→ **RECORDED DATA**

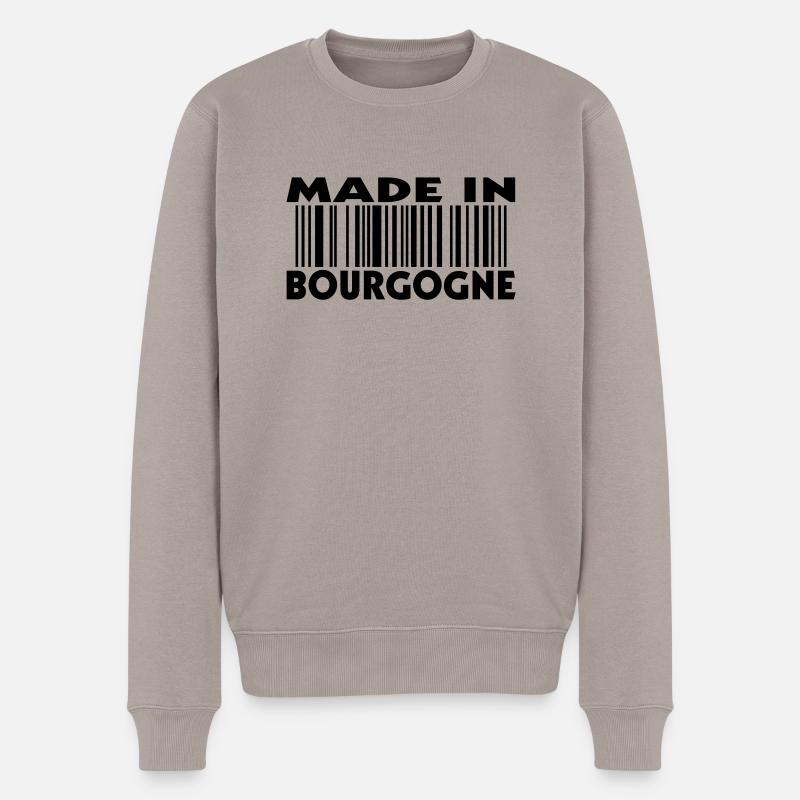 in Burgund (1c) - Männer Premium Bio Pullover - Taupe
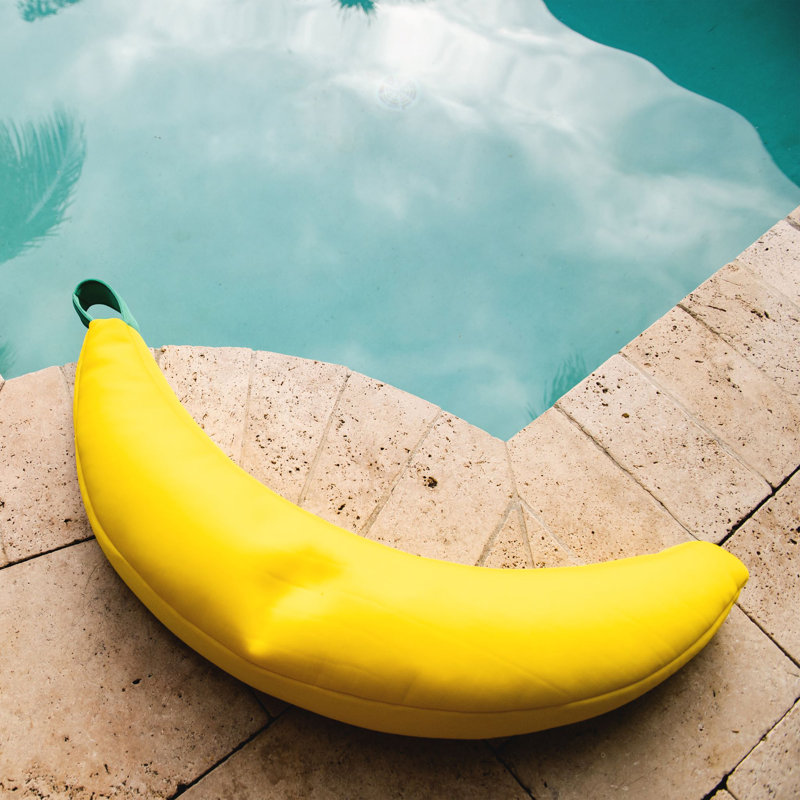 Big Joe Banana Pool Noodle, 5" H x 52" W x 37" D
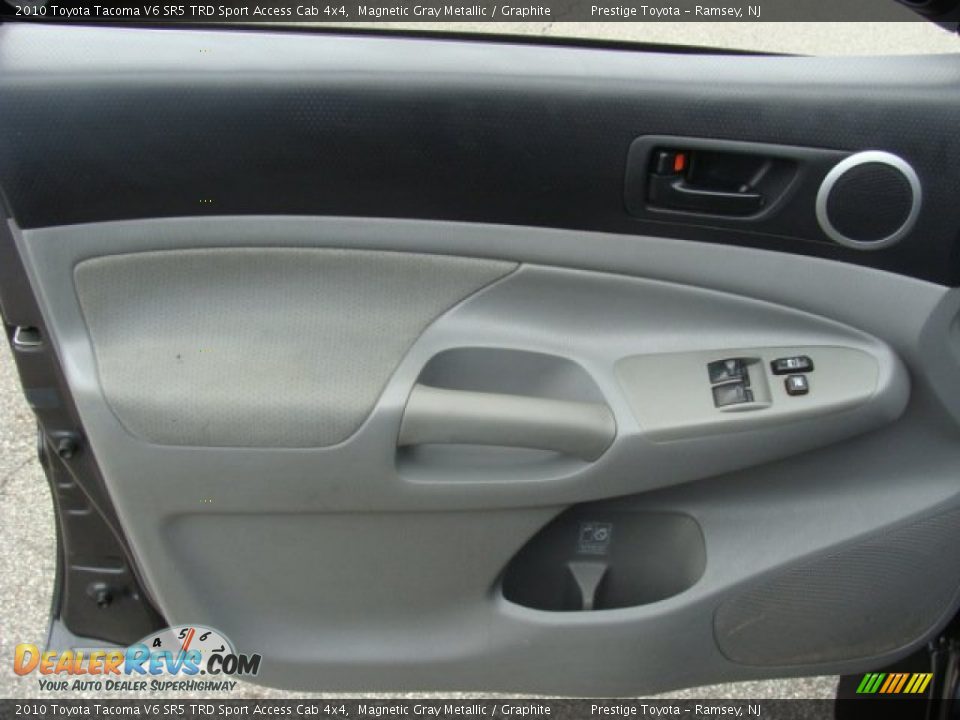 2010 Toyota Tacoma V6 SR5 TRD Sport Access Cab 4x4 Magnetic Gray Metallic / Graphite Photo #6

→ **TASK REQUIREMENTS**
Reproduce word for word the lines from the line holding "Big Joe Banana" through the last line of the material above, inclusive, and keep pictures out of it.

→ **THE ANSWER**
 Big Joe Banana Pool Noodle, 5" H x 52" W x 37" D
 2010 Toyota Tacoma V6 SR5 TRD Sport Access Cab 4x4 Magnetic Gray Metallic / Graphite Photo #6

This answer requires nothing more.